# Activity
Pictures aside, reproduce exactly each line from the one holding "MDMA Лагань" through the last line of the material, both ends included.

# Data provided
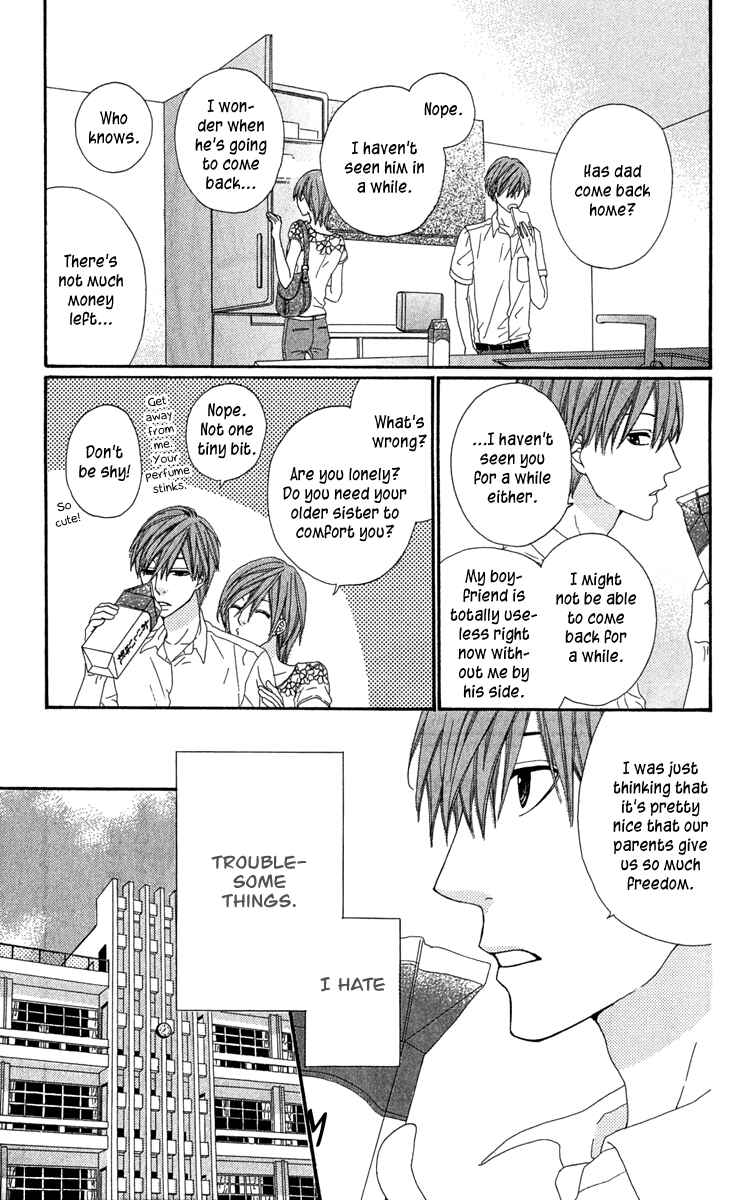 Page 5 Chapter 3 Itsuka Kimitachi mo Otona ni Naru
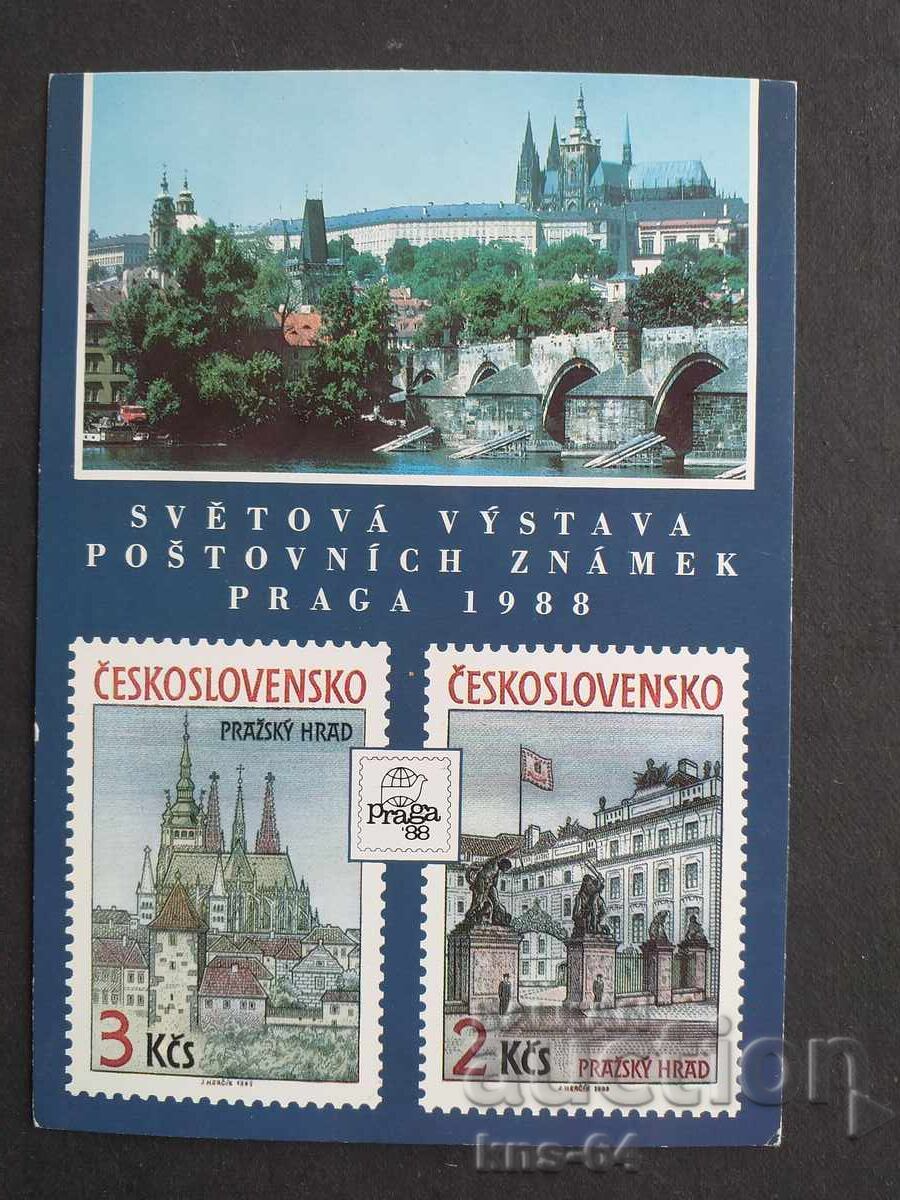 Postcard Philately Postcard Philately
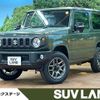 suzuki jimny 2025 CFJ1787988 image 1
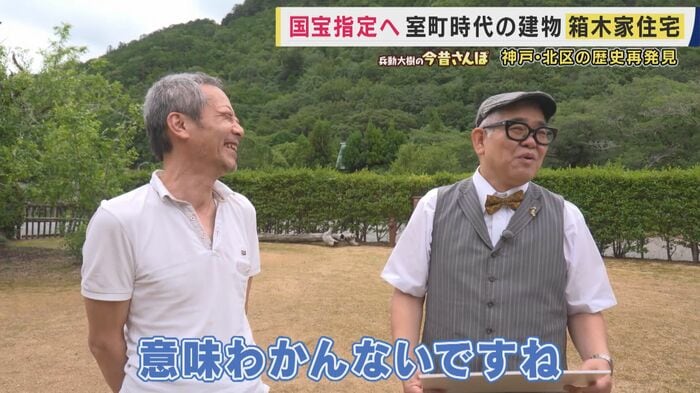52代目当主も驚き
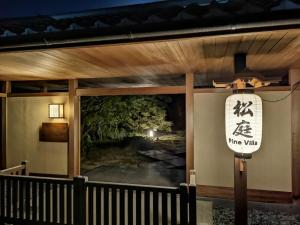 kansai airport pine villa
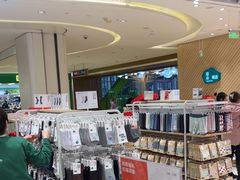 -松山棉店(长楹天街购物中心店)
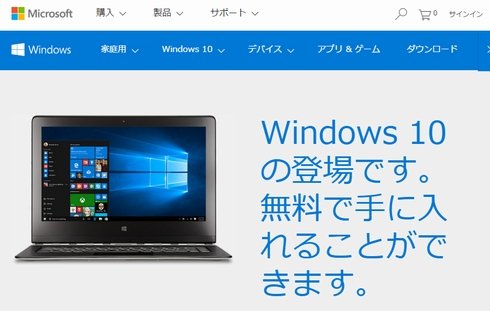  windows 10 1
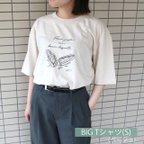 作品バゲット柄　BIG【Tシャツ】ベージュ 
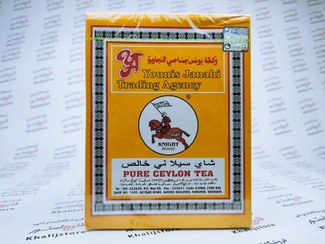 تصویر چای سیلان خالص ۵۰۰ گرم اسب و پرچم 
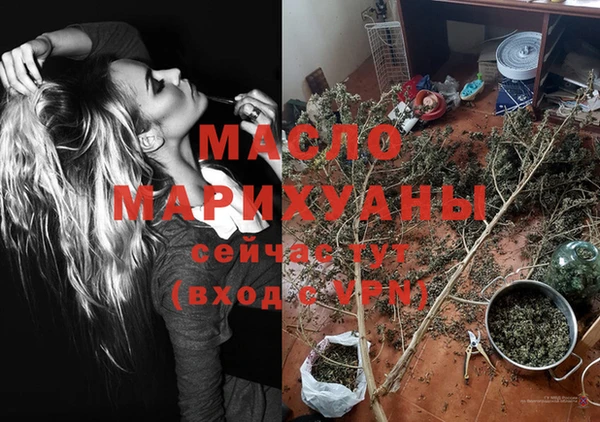 MDMA Лагань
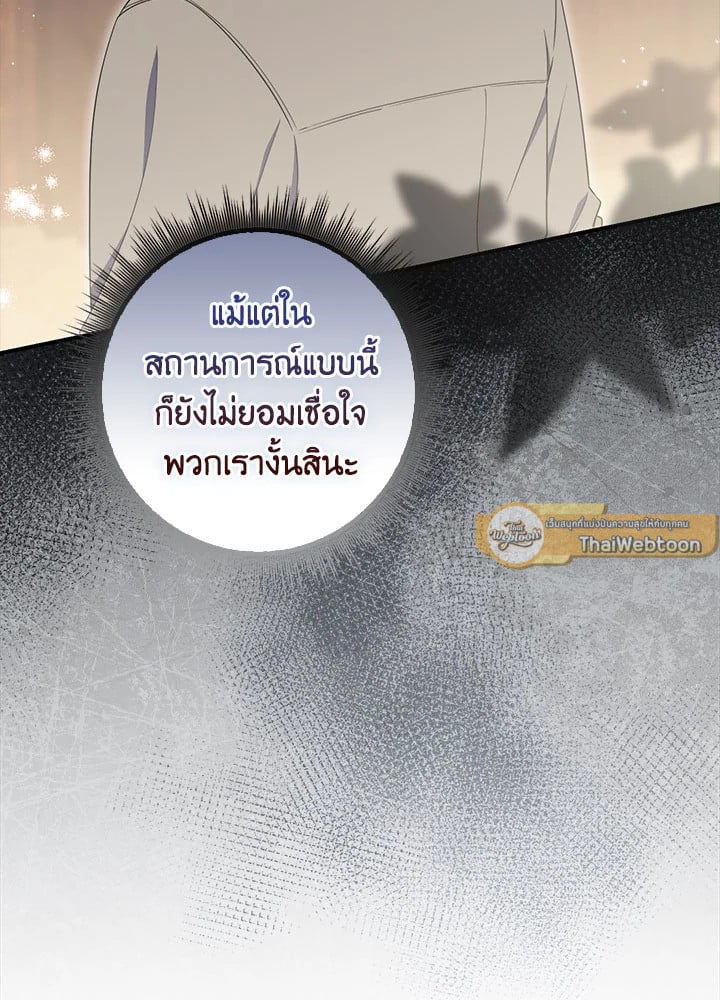 As My Husband Said, I Brought In A Lover เมื่อคุณสามีบอกให้ฉันมีชู้ - หน้า 67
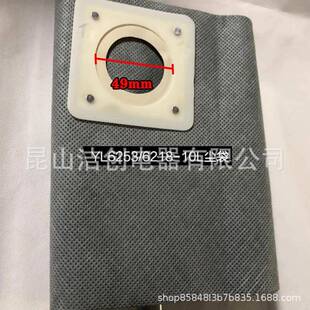 亿力吸YLW6249器配件集尘袋垃圾袋过滤袋6218袋649纸袋尘2尘隔布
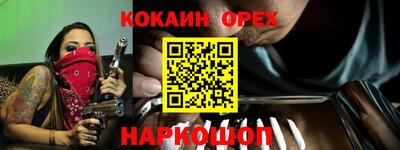 ECSTASY Заволжье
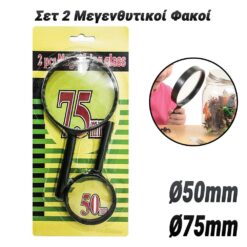 Σετ 2 Μεγενθυτικοί Φακοί (Ø7.5cm Ø5cm) Εξοπλισμός Εργαστηρίου Εξοπλισμός Εργαστηρίου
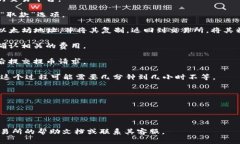要将以太坊（ETH）提到T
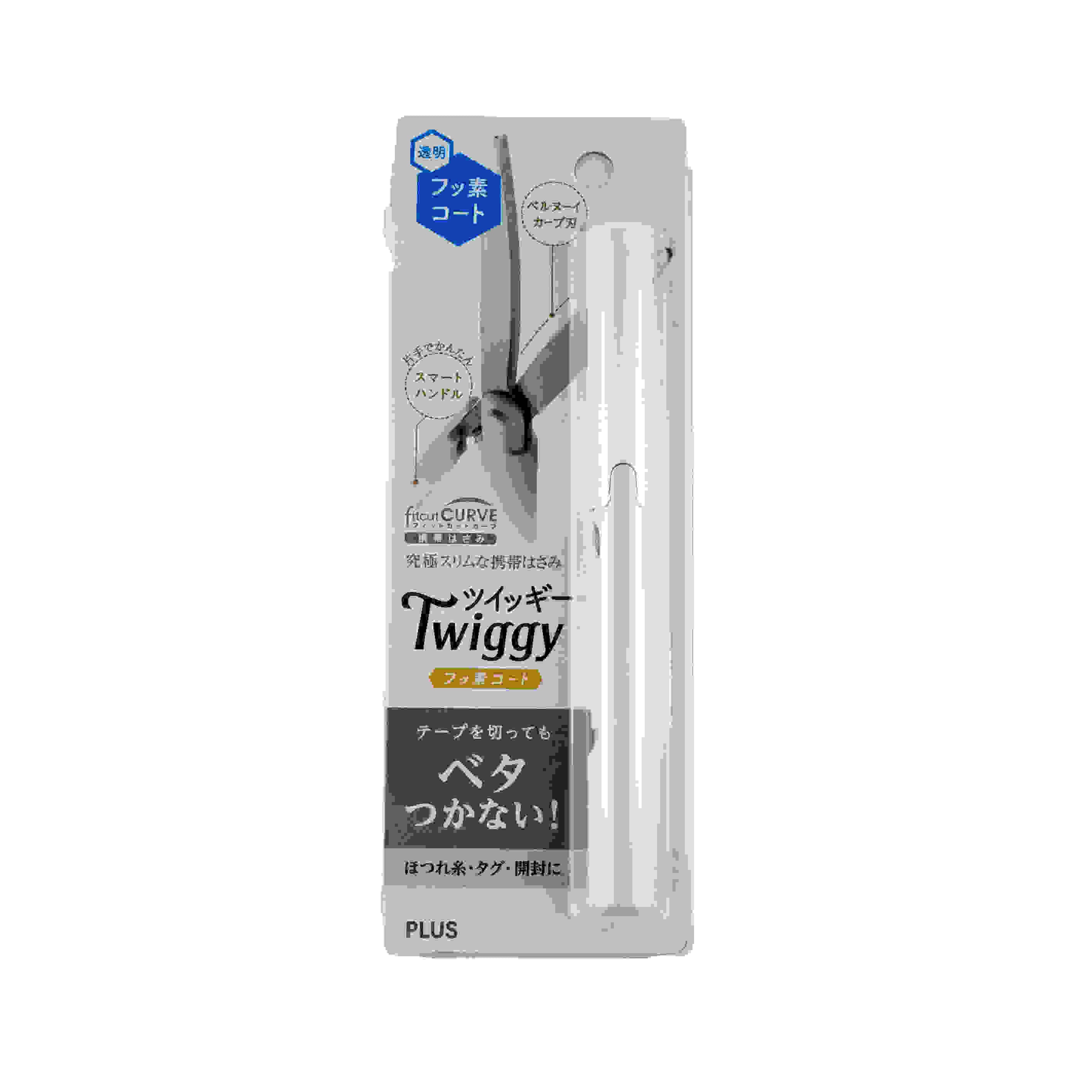 PLUS Twiggy Scissors SC-100PF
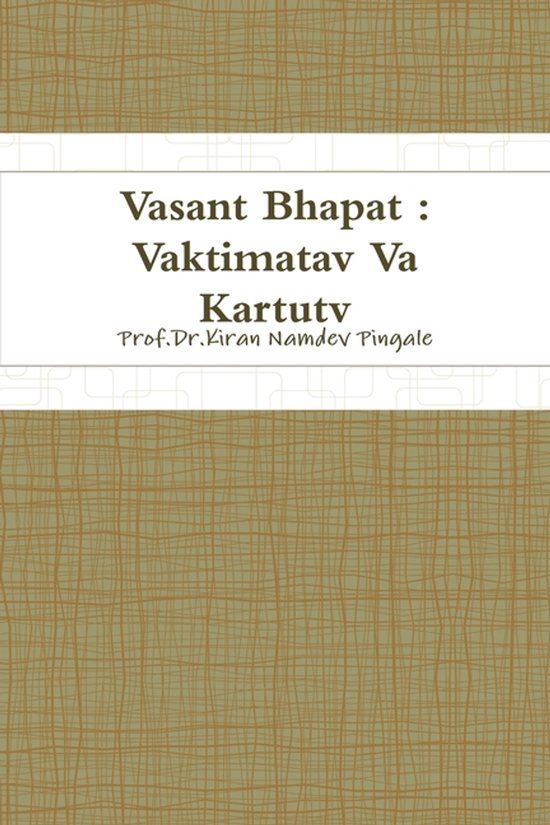 Vasant Bhapat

# Solved problem
 MDMA Лагань
 As My Husband Said, I Brought In A Lover เมื่อคุณสามีบอกให้ฉันมีชู้ - หน้า 67
 亿力吸YLW6249器配件集尘袋垃圾袋过滤袋6218袋649纸袋尘2尘隔布
 ECSTASY Заволжье
 Σετ 2 Μεγενθυτικοί Φακοί (Ø7.5cm Ø5cm) Εξοπλισμός Εργαστηρίου Εξοπλισμός Εργαστηρίου
要将以太坊（ETH）提到T
 PLUS Twiggy Scissors SC-100PF
 Vasant Bhapat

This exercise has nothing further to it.